Das russische Unternehmen heißt Siltron und wurde weniger als drei Monate nach dem Überfall auf die Ukraine gegründet. Es steht in direktem Zusammenhang mit dem deutschen Lieferanten UrSeCo. Mitglieder derselben Familie halten jeweils Anteile an beiden Unternehmen.
Im Juli liefert Siltron erst 100 Kilogramm und später 150 Kilogramm Salzsäure über einen Zwischenhändler an Integral. Im September 2024 noch einmal direkt an Integral.
Siltron weist die Vorwürfe zurück. Auf Anfrage des BIC erklärte das Unternehmen, es habe „nie Chlorwasserstoff aus EU-Ländern importiert“, sondern produziere die hochreine Salzsäure selbst. „Unsere Produktion befindet sich in der Region Nischni Nowgorod.“
Auch UrSeCo wies auf Anfrage des BIC die Vorwürfe zurück und erklärte: „Wir arbeiten ausschließlich in Übereinstimmung mit der internationalen und nationalen Gesetzgebung und haben alle Geschäfte mit Belarus eingestellt.“
Wacker Chemie will den konkreten Fall nun prüfen und erklärte gegenüber der taz: „Das von Ihnen genannte Unternehmen ist bislang als deutscher Abnehmer noch nicht kritisch eingestuft worden und steht auf keiner Sanktionsliste.“ Man habe jegliche Geschäftsaktivitäten mit dem Unternehmen vorsorglich gesperrt. Geschäftsaktivitäten mit Belarus und Russland habe man bereits im Februar 2022 eingestellt.
Deutsche Motoren und Ersatzteile werden weiter gehandelt
Salzsäure ist ein Beispiel dafür, wie Integral weiterhin sanktionierte Materialien einkauft. Ein weiteres sind Motoren und Ersatzteile des deutschen Maschinenbauunternehmens Motorenwerke Mannheim (MWM), heute Caterpillar Energy Solutions. Deren Motoren gewährleisten die Stromversorgung für die Produktion von Mikrochips. Seit 2022 ist es verboten, Motoren aus der EU nach Belarus und Russland zu exportieren. Mit Hilfe von Zwischenhändlern gelangen die Motoren aber weiterhin in die Region.
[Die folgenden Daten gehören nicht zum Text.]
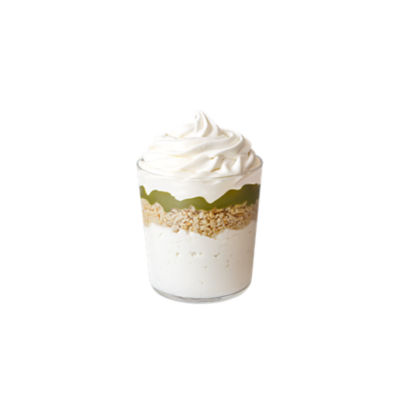 Mcsundae Deluxe Pistachio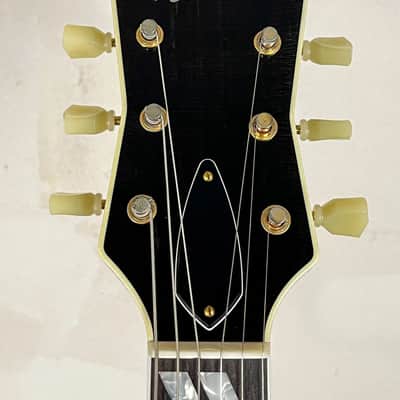 Frank Brothers Radar DLX Heavily Faded Pelham Blue #1702 image 13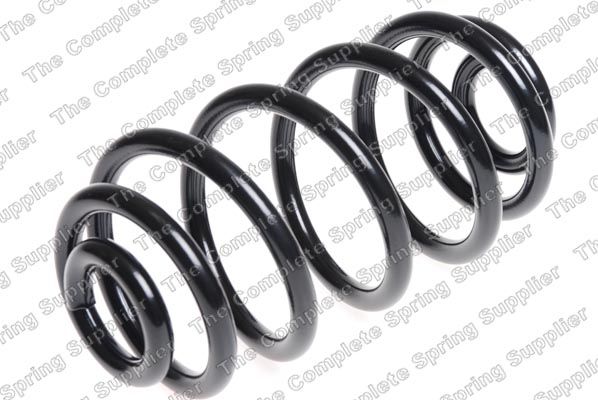 LESJÖFORS 4277826 Suspension Spring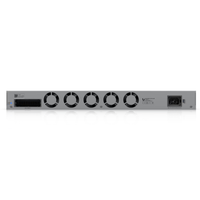 Tout nouveau commutateur réseau industriel d'entreprise USW-Pro-XG-24-PoE de couche 3 avec 24 ports Gigabit RJ45, capacité de 460 Gbit/s
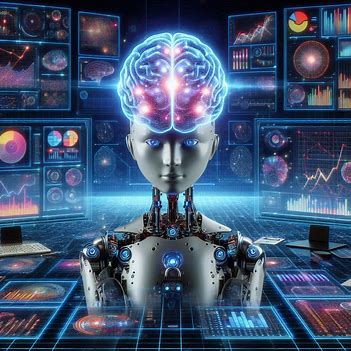 AI의 빅데이터 분석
Das Unternehmen erklärte auf Anfrage, Caterpillar verpflichte sich, im Einklang mit den in seinem Verhaltenskodex dargelegten Werten zu handeln: „Dazu gehört, dass wir unsere Geschäfte im Rahmen der geltenden Sanktionen, Gesetze und Vorschriften der Länder führen, in denen wir tätig sind.“
Im Frühjahr 2024 kauft Integral mehrfach Ersatzteile für MWM-Motoren über Zwischenhändler in Belarus. Spricht man verdeckt mit diesen Zwischenhändlern, machen die keinen Hehl daraus, wie sie die Sanktionen umgehen. „Sanktionen sind kein Thema“, sagt ein hochrangiger Mitarbeiter einer der Firmen. Sein Unternehmen betreibe eine Tochterfirma in Polen, die den Kauf von Waren erleichtere. Die Waren würden von Polen nach Belarus, Russland und in andere Länder geschickt. Auch der Mitarbeiter eines zweiten Zwischenhändlers betont, wie problemlos er liefern könne, dank der Sanktionsumgehung: „Wir werden die Ware schnell liefern“, sagt er. „Sie wird über Kirgisistan gehen.“
Russland kaufe westliche Komponenten nicht nur, um sie einzusetzen, sondern auch, um sie nachzubauen, sagt der ukrainische Luftfahrtexperte Anatolii Khrapchynskyi: „Russland kopiert westliche Elemente. Sie werden auseinandergenommen, Schicht für Schicht, auf ihre Funktionsweise hin untersucht und nachgebaut.“
Re-Engineering heißt dieses Konzept – und es scheint, Russland hat es perfektioniert.
(Anm. d. Red.: Am 28.01. um 14 Uhr haben wir den Text um eine Stellungnahme von Wacker Chemie ergänzt.)